• [Action item] Below are some records; print every one of them exactly.

Brief descriptive captions:

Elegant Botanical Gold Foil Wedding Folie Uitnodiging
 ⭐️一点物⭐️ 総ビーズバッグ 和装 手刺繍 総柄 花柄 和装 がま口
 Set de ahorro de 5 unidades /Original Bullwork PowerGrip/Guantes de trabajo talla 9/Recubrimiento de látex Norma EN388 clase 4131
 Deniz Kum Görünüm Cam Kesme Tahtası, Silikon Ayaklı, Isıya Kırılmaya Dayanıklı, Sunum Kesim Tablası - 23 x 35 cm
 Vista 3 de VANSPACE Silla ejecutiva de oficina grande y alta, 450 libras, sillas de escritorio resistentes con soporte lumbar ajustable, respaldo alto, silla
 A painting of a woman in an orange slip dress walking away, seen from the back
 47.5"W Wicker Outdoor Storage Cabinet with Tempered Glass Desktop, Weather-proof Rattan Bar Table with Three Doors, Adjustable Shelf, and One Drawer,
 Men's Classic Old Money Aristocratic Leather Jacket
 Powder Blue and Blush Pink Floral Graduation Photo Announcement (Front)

• [Task result]
Elegant Botanical Gold Foil Wedding Folie Uitnodiging
 ⭐️一点物⭐️ 総ビーズバッグ 和装 手刺繍 総柄 花柄 和装 がま口
 Set de ahorro de 5 unidades /Original Bullwork PowerGrip/Guantes de trabajo talla 9/Recubrimiento de látex Norma EN388 clase 4131
 Deniz Kum Görünüm Cam Kesme Tahtası, Silikon Ayaklı, Isıya Kırılmaya Dayanıklı, Sunum Kesim Tablası - 23 x 35 cm
 Vista 3 de VANSPACE Silla ejecutiva de oficina grande y alta, 450 libras, sillas de escritorio resistentes con soporte lumbar ajustable, respaldo alto, silla
 A painting of a woman in an orange slip dress walking away, seen from the back
 47.5"W Wicker Outdoor Storage Cabinet with Tempered Glass Desktop, Weather-proof Rattan Bar Table with Three Doors, Adjustable Shelf, and One Drawer,
 Men's Classic Old Money Aristocratic Leather Jacket
 Powder Blue and Blush Pink Floral Graduation Photo Announcement (Front)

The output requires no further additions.